Вот и «симпатичный парниша», хмыкнула про себя Тата. Молодой человек счел ее усмешку приглашением к разговору. Вы такая красивая, что за акцент, ах, правда, у вас славянские скулы, откуда вы и т. п.

— Moscow?[5] — изумился он так, словно Тата была с Луны.

Тата вообще-то не собиралась никого «снимать», но быстро завяла от мальчишкиной глупости и, со скуки отпустив тормоза, пронзила беднягу роковым взглядом.

— What’s your name?[6] — по инерции, но уже тушуясь, спросил тот.

— Call me Kremlin Vampire,[7] — Тата, приподняв губу, шутливо куснула воздух. — What’s yours?[8]

— Dick[9], — начиная потеть, пролепетал «парниша».

— Дик, — повторила Тата. — But of course.[10] — Она смешливо скривила рот. — Come with me, Dick. Time to practise some bites.[11]

Она бросила на стойку деньги и, как телкá, повела мальчишку на улицу, в темноту, подальше от машин и фонарей.

Учащение пульса. Покраснение кожных покровов. Набухание пещеристых тел. Оргазмическая платформа.

Oh God, oh God…[12]

Взрыв.

* * *

Домой она вернулась под утро. Майк отсутствовал. Тата, как робот, без чувств, мыслей и угрызений совести, приняла душ, переоделась в футболку и джинсы, прилизала «роковую» прическу, побросала в кожаный рюкзак вещи и уехала в аэропорт. Там она взяла билет до Сан-Франциско — ждать оставалось четыре часа, — купила журнал с рекламой собственной книги на обложке и уселась в кафе, где заказала поистине раблезианский завтрак. Перед вылетом она позвонила Митчеллу и оставила на автоответчике сообщение: «Мне надо на пару недель уехать, думаю, тебе ничего не надо объяснять. Для книжки мое присутствие пока не требуется. Если что, пиши по Интернету или звони на сотовый. Не обижайся. До встречи. Пока».

Калифорнийским друзьям звонить было рано. Ладно, разберемся на месте, решила Тата. Смогут меня принять, хорошо, а нет — не пропаду, поживу в гостинице. Я же теперь «эмансипе».

Глава 4

Иван дождался, когда закроются двери лифта, вернулся в квартиру, прошел на кухню, к окну, проводил глазами удаляющуюся фигуру и припал лбом к стеклу.
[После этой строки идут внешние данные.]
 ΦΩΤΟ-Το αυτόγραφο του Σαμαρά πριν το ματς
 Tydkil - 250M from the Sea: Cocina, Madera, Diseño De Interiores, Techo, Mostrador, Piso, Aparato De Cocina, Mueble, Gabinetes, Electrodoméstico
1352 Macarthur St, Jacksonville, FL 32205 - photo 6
Он не представлял, что так бывает — даже мечтая об этом, не представлял.

Любовь встала на место неожиданно, в одну секунду, так, будто чья-то умелая рука ловко и без колебаний сменила микрочип у него в голове.

Он испугался, когда она позвонила ему на работу. Разволновался, вскочил с кресла. Эмоции били через край, сложные, необъяснимые, мучительные — словно звонила дочь, некогда связанная с ним узами инцеста, сама распутная, сбежавшая из дома, считавшаяся навсегда потерянной.
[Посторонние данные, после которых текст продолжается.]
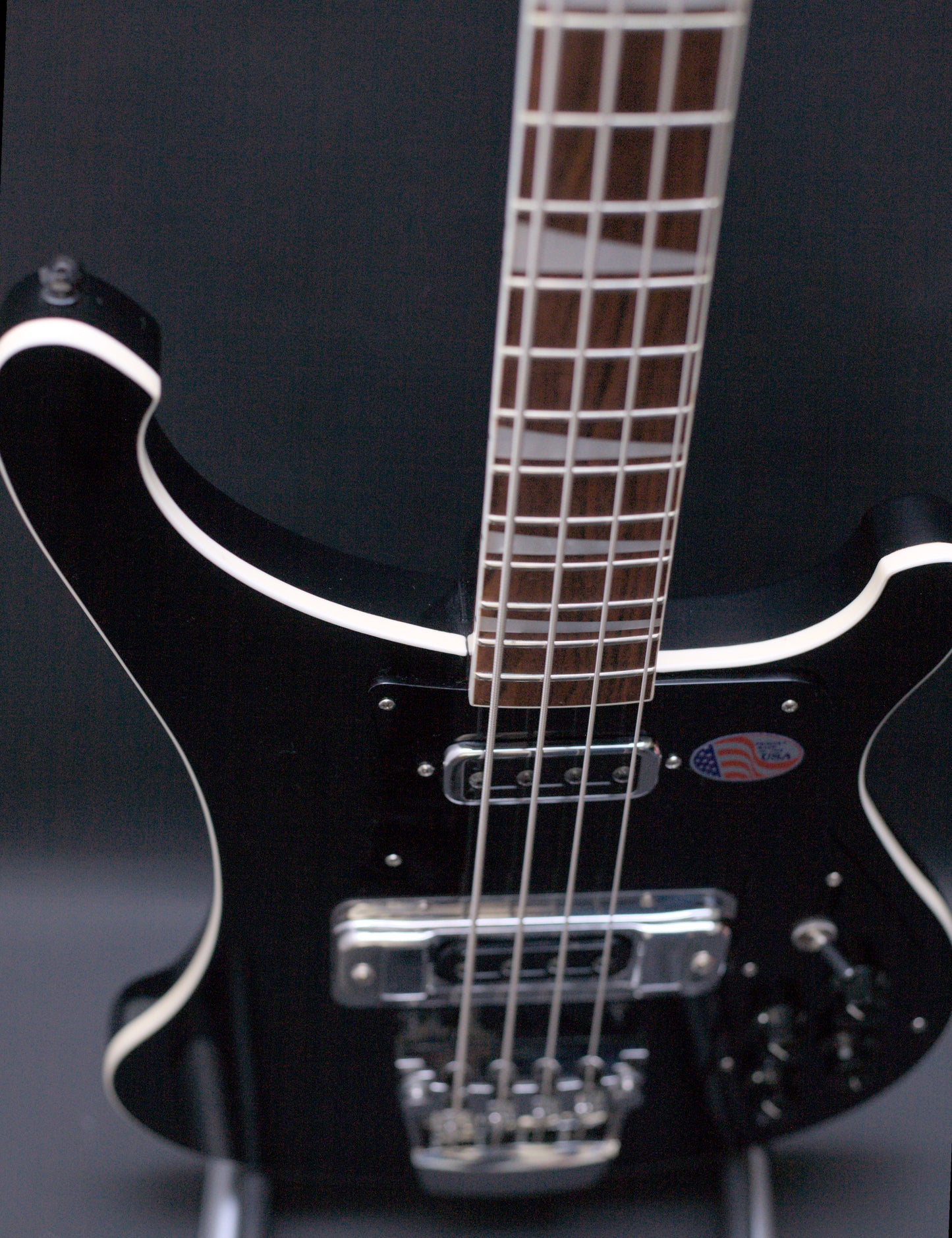 Rickenbacker 4003 Limited Edition Stealth Edition Jetglo 2022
— Помнишь меня? — вкрадчиво и бархатисто спросила Лео. Она говорила спокойно, даже шутливо, но в каждой нотке ее нового голоса чувствовался надлом, что-то бесконечно взрослое и выстраданное, ставившее их на одну доску.

— Мы расстались, — коротко ответила она на вопрос о муже, но не захотела ничего объяснять.
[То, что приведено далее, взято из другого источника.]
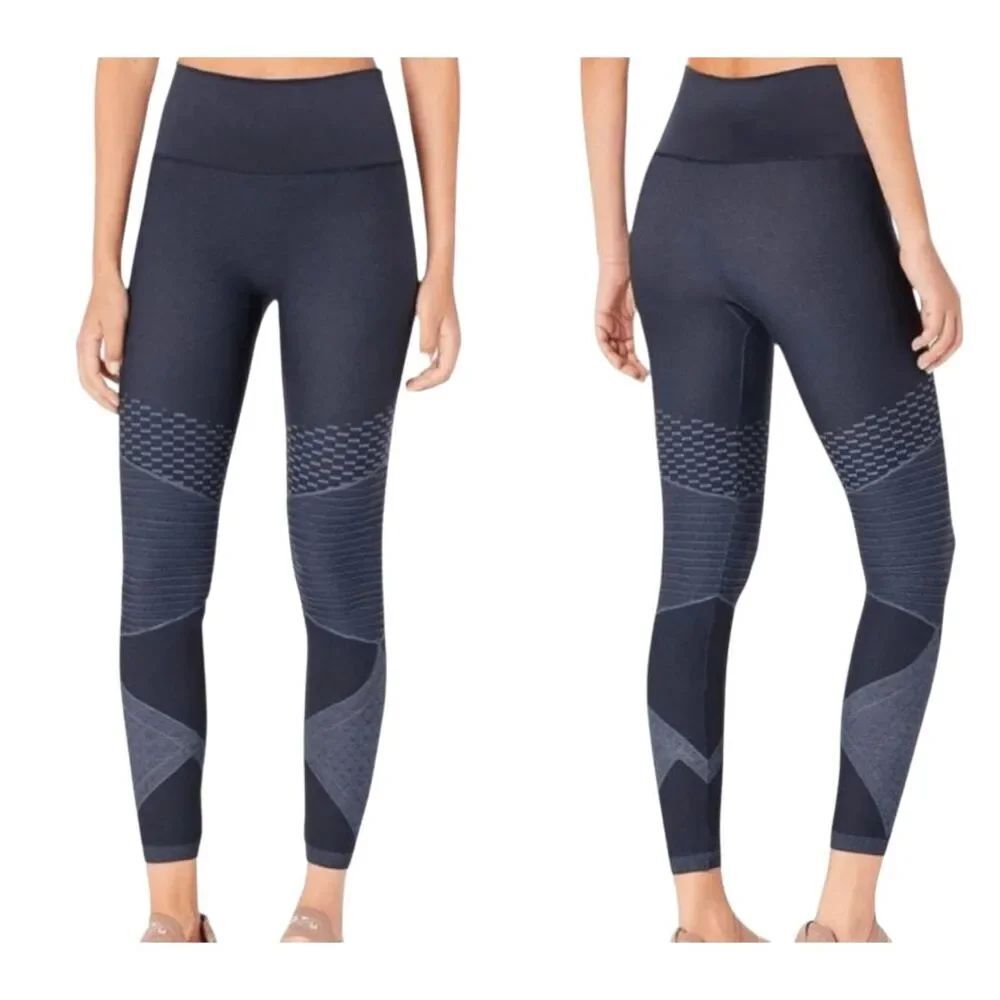 SPANX Look At Me Now Seamless Textured Leggings Size Med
«Мы разные люди», — только и добился Иван. Лео так подчеркнула эту фразу, что Иван догадался: слова Антона. «Довела беднягу», — посочувствовал. Шальная девчонка, что еще вытворила?

Лео предложила встретиться, «вспомнить старые добрые времена». И он, не то чтобы против воли, желания или здравого смысла, а как-то разом против всего течения своей нынешней жизни, согласился:

— Отлично, давай посидим в кафе. Куда за тобой подъехать?

Она усмехнулась:

— На встречу в домашних условиях не отважишься?

И опять в этом прозвучало нечто настолько новое, зрелое, женское, что он, разумеется, отважился — в тот же вечер. Что поделаешь? Слаб человек.

Она и правда изменилась, повзрослела — а повзрослев, сильно похорошела, — и, кажется, много пережила. Не требовалось большой наблюдательности, чтобы понять: ее невозмутимое спокойствие — маска.

Маска древнегреческой трагедии.

В дом к Ивану вошла каменная Ниобея, вытершая каменные слезы — человек по ту сторону горя. «Видно, вытворила не она, а добрый молодец Антон», — подумал Иван и…

Так уж устроено, что молодую красивую девушку, если она грустит, непременно хочется пожалеть, а каменную статую — оживить, тем более, когда сам выпил и оживился. Они по-особому вкусно поужинали, полнейшим экспромтом — Иван давно никому не готовил, от чего получил отдельное удовольствие, — и вино в компании по-особому весело разбегалось по жилам, и текло как вода, а беседа текла как вино, согревая, умиротворяя, разнеживая.